15min:
EXPERIMENTAL LINE PARAMETERS OF HIGH-J TRANSITIONS IN THE O2 A-BAND USING FREQUENCY-STABILIZED CAVITY RING-DOWN SPECTROSCOPY.

DANIEL K. HAVEY, JOSEPH T. HODGES, Process Measurements Division, National Institute of Standards and Technology, 100 Bureau Drive, Gaithersburg, MD 20899, USA; DAVID A. LONG, MITCHIO OKUMURA, Division of Chemistry and Chemical Engineering, California Institute of Technology, Pasadena, CA 91125, USA; CHARLES E. MILLER, Jet Propulsion Laboratory, California Institute of Technology, 4800 Oak Grove Drive, Pasadena, CA 91109, USA.

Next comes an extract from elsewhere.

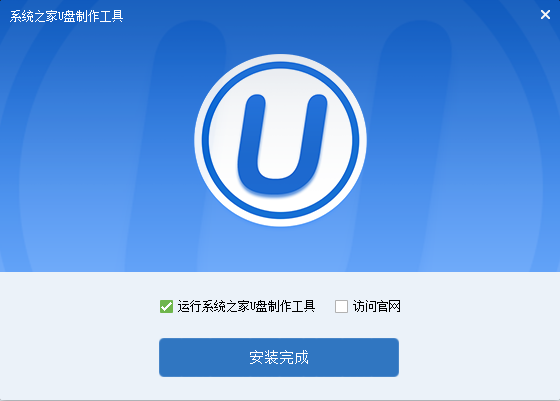 usb启动盘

The reliability of high- J line parameters in spectroscopic databases can affect the uncertainty budget of experiments aiming to utilize optical probing to study highly rotationally excited molecules. Ultra-cold collision dynamics of O2(Erot), specifically, has recently been suggested as an intriguing but experimentally demanding system. One possibility would be to directly probe absorption transitions of O2 as it trickles down a ladder of rotational states via collisional relaxation following rotational excitation. In certain cases, another strategy might be to utilize optical absorption to probe the collision partner for O2. Both of these experimental approaches require an understanding of the spectroscopy of elevated rotational states, and in particular the intensities and widths are important for quantifying molecular dynamics. In the case of rotationally excited species, these data would have to be obtained by extrapolation of line parameters from existing databases. Subtle deviations from the database line parameters, as revealed by experiments, may be amplified depending on how far in J the data are extrapolated. Our goals in this study are (I) to provide the highest- J spectroscopic measurements of line intensities and widths for the primary isotope of O2 in the A -band region and (II) to understand how the line parameters compare to, and build on, what is contained in the widely used HITRAN database. The experiments presented here are challenging because these lines are some of the weakest ever observed in the laboratory, thus requiring extremely sensitive optical detection methods. We have measured transitions between J ' = 32 and 50 (self-broadened) and J ' = 32 and 42 (air-broadened) and have demonstrated a minimum detectable line intensity of sim2×10-31 cm molec.-1. Our highest J measurements probe lower states having rotational energies of sim3775 cm-1, ~40% higher than the most extensive measurements to date.